There are two schools of thought about pink. One is that it is the color of bubble gum and Barbie. Cindy Eckert’s view is that it is the color of business. It is a dominant presence at the offices of her Raleigh, N.C., venture-capital firm, the Pink Ceiling, a fund that advertises its main goal as “to make women really f-cking rich.” It’s an even more dominant presence on Eckert, who defies people to observe the taboo on assessing anyone–especially a woman–by their clothes. She wears some hue of pink every working day, accessorized with hot pink nails, lipstick and shoes. Even her hair seems to have a fuchsia sheen. In the pharmaceutical circles in which Eckert operates, among the white coats and the navy suits, that shade of pink invites judgment. And underestimation. She is fine with that.
Through the firm’s “Pinkubator,” Eckert, 45, is helping bring to market such innovations as a flushable pregnancy test, a decal that can detect a rape drug from a drop of a drink, shelf-stable human milk products for babies and a device that helps train pelvic-floor muscles.
These are not just products for women; they’re products that give women more autonomy and, in particular, more agency over their bodies and sexual choices. And their development is being funded by Eckert’s controversial attempt to answer one of the biggest mysteries of the human body: What is the source of female desire?
In August 2015, when she was Cindy Whitehead, Eckert got the drug Addyi, a (pink) pill engineered to rev up the sex drive of premenopausal women, approved by the Food and Drug Administration (FDA). Within a week, the pharmaceutical giant Valeant bought the drug’s owner, Sprout Pharmaceuticals, a company Eckert had started with her then husband Robert Whitehead. It paid $1 billion. Eckert, now divorced, is using her share of this windfall to try to bottle lightning again, to develop and market products that others overlook because they’re by or for women.
At least, that’s her story.
There’s another story that her critics, most of whom are women, like to tell, in which Eckert’s brand of hyperfeminized pink power is razzle-dazzle and hucksterism. They believe that flibanserin, the generic name for Addyi, which had been turned down twice by the FDA, should never have been approved. One of her critics goes so far as to compare Eckert to Elizabeth Holmes, the now disgraced head of blood-testing company Theranos.
The drug approaches sex by altering the most relevant organ. Unlike Viagra, which has physiological effects on men’s genitals, Addyi works on the brain; it was originally researched to treat depression. Flibanserin increases production of dopamine (the neurotransmitter that governs motivation and anticipation) and regulates serotonin (which governs self-consciousness and mood). Eckert points to brain scans that suggest these are the systems that are malfunctioning in women who have hypoactive sexual desire disorder (HSDD), the otherwise unexplained loss of libido that Addyi is marketed to treat.
But the science of desire–women’s or men’s–is very much up for debate. Not everyone agrees that HSDD is a disease. “These are theoretical speculations that have been grabbed onto by a desperate sexologist and desperate pharmaceutical-industry people who want to find more certainty in a very murky area,” says Leonore Tiefer, a therapist, researcher and educator who opposed the approval of flibanserin. “There’s no measure of this dopamine-serotonin model speculation.”
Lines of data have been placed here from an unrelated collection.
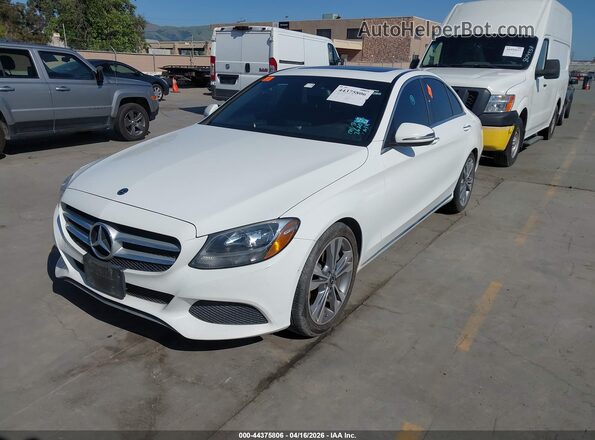 55SWF4JB1JU262028 2018 MERCEDES-BENZ C-CLASS White Widok z przodu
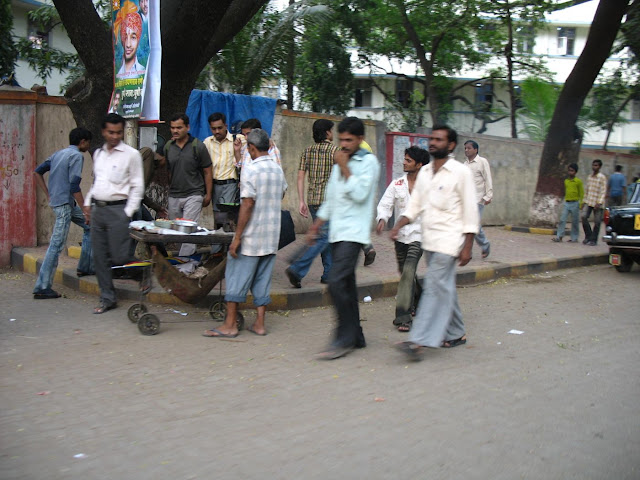 food cooked on pavement in Mumbai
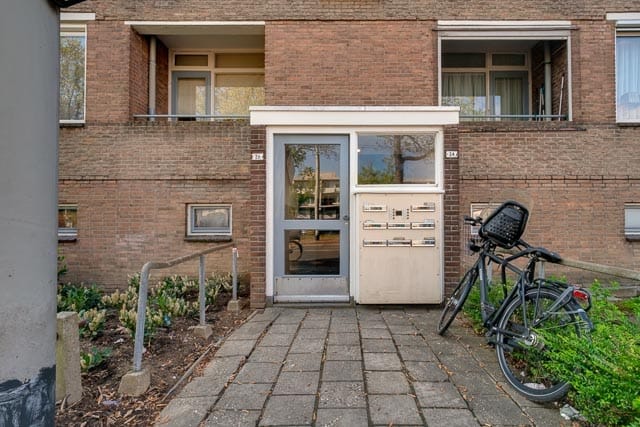 Foto 16 van Lange Wal 24-2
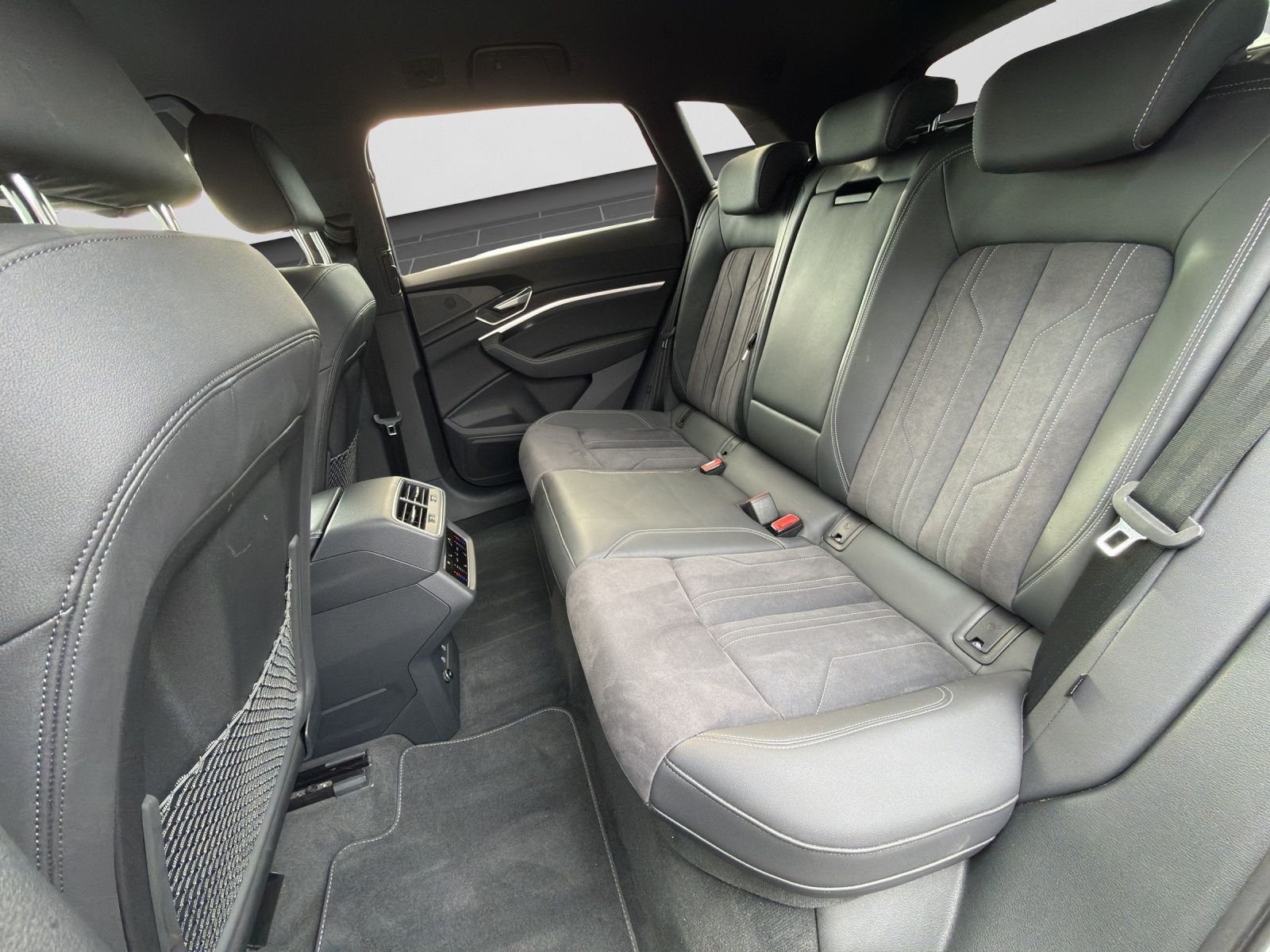 Audi Q8 e-tron - Bild 15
Indeed, if the biological mechanisms behind women’s desire are poorly understood, the role of neurobiology is even less so. According to Rosemary Basson, director of the University of British Columbia’s Sexual Medicine Program, many people actually feel desire only after they have started making love. There is no benchmark amount of sex drive against which women can measure theirs. “[The pharmaceutical] industry wants that easy desire typical of early relationships that seems to be innate … to be the ‘normal’ state and to find a drug that will replicate that,” Basson told the reporter in an email. In June, an article in the Archives of Sexual Behavior, the most respected journal in the field, surmised that “research has not conclusively demonstrated that biology is among the primary mechanisms involved in inhibiting sexual desire in women.” If the problems aren’t biological, then medication is unlikely to work.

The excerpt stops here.